Proposed legislation on registration of village greens would reduce risk to developers. Eollyn Ives, solicitor in the property team at Devonshires Solicitors, explains
The consultation on the registration of new village or town greens under the Localism Bill opened last month and runs until 17 October.
The bill proposes to make pre-application consultation with local communities compulsory on major development schemes. It also proposes to give local planning authorities the power to decline village green applications on land where planning permission has already been granted, together with the power to seek costs against applicants for any vexatious, frivolous or unsuccessful applications.
This latter issue was tabled on the eighth day of the House of Lords committee stage with the aim of stopping what Conservative peer Baroness Byford described as ‘vexatious use of the towns and village greens registration system to delay or block legitimate development’.
Under the proposed reforms, developers and developing social landlords will be sure, once planning permission has been granted, that they will not face losing developments as a result of the delay caused by village green applications. Many local authorities take a cautious approach to village green applications, holding public inquiries which can result in planning permissions expiring before applications are determined, delaying the development process.
The status quo
The current system does little to deter these applicants as it enables applications to be made after planning permission has been granted and even up to two years after the land has ceased to be used by residents for lawful sports and pastimes. It also prevents costs being awarded against applicants. As a result, applicants frequently form local pressure groups aimed at preventing development and enlist help from conservation group the Open Spaces Society to mount their claim.
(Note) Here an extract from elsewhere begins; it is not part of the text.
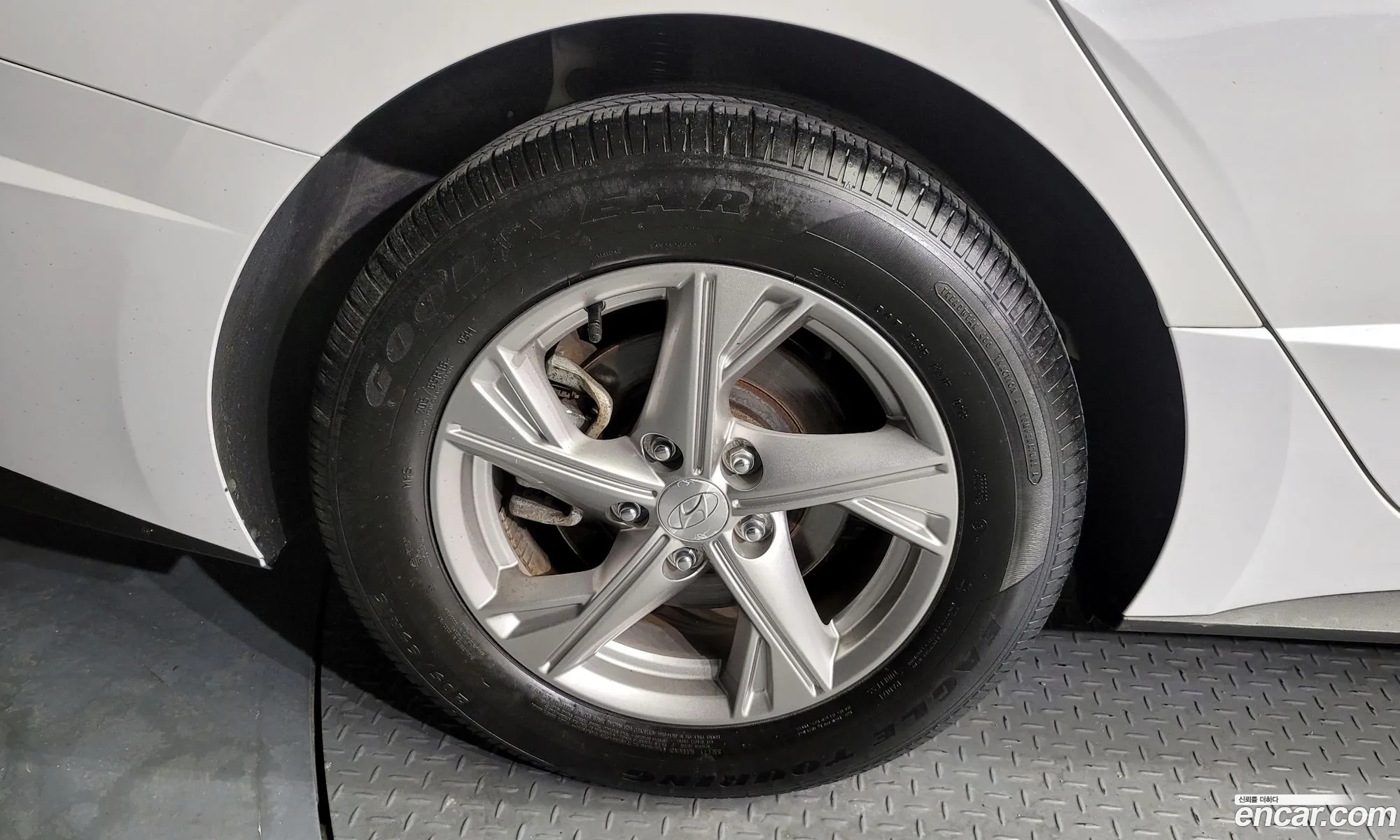 Hyundai Sonata Dn8 20 Smart - фотография 13141081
Recent cases have shown that applications for little more than occasional dog walking can be enough to establish the use of land for lawful sports and pastimes.
The proposed changes would reduce the risk that developers currently face by stopping retrospective applications for village green status after planning consent has been granted and extending the powers of local authorities to reject applications.
In response to the amendment tabled by Baroness Byford, fellow Conservative Earl Attlee stated that the government is ‘actively looking at whether amendments to the registration criteria are needed’. He added: ‘There is a consensus that local authorities should be able swiftly to reject vexatious applications.’
Earl Attlee hopes to announce a response on the subject of village green applications later this summer and, as a result, the amendment proposed by Baroness Byford has been withdrawn.
Social landlords should welcome this: there is a clear need to stop retrospective and vexatious village green applications delaying or stopping development.